Ha quindi poco senso – o è mera illusione – pretendere ancora una volta da queste destre, come fanno numerosi commentatori che tengono a mostrarsi neutrali o quantomeno poco ostili, una sostanziale correzione di rotta che le porti a gettare l’ancora nei porti tranquilli del liberalismo o di un conservatorismo soft. I loro argomenti sono spuntati, anche quando sostengono che, se non getteranno a mare i connotati populisti, sovranisti o radicali che per più di un verso ancora le contraddistinguono, non potranno mai essere accettate come interlocutrici credibili negli ambienti che contano e quindi, nel caso in cui andassero al governo, troveranno sul loro cammino continui ostacoli. Il ragionamento non funziona per due motivi.
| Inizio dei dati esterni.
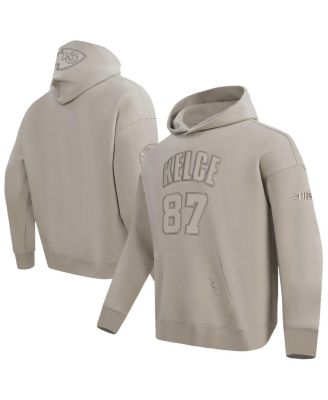 Pro Standard - Men's Travis Kelce Tan Kansas City Chiefs Player Name Number Pullover Hoodie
Primo, perché per andare al governo occorrono prima di tutto i voti degli elettori, e oggi più del 40 per cento di essi è in mano a due partiti che li ottengono perché esprimono radicalità e non moderatismo, e che almeno in parte li perderebbero se si piegassero alla richieste dei loro non richiesti mentori. Secondo, perché gli ambienti che contano, o le élite, o i poteri forti o comunque li si chiami, si riconoscono oggi nella quasi totalità in idee, valori e visioni che confliggono con i punti di vista e le scelte che queste destre esprimono, e le loro diffidenze permarrebbero anche se Meloni e Salvini recitassero le formule di rito che vengono loro richieste (e il leader della Lega, peraltro, lo ha già fatto a più riprese).
Il caso del M5s, del resto, insegna: i voti che il Grillo del Pdimenoelle, del parlamento-scatoletta di tonno e del Vaffa-day aveva copiosamente raccolto, il Di Maio liberale, atlantista ed europeista li ha persi. E difficilmente Conte potrà recuperarli. Questo è l’elettorato italiano. Questa è la società italiana. Non è possibile, per un politico, non tenerne conto.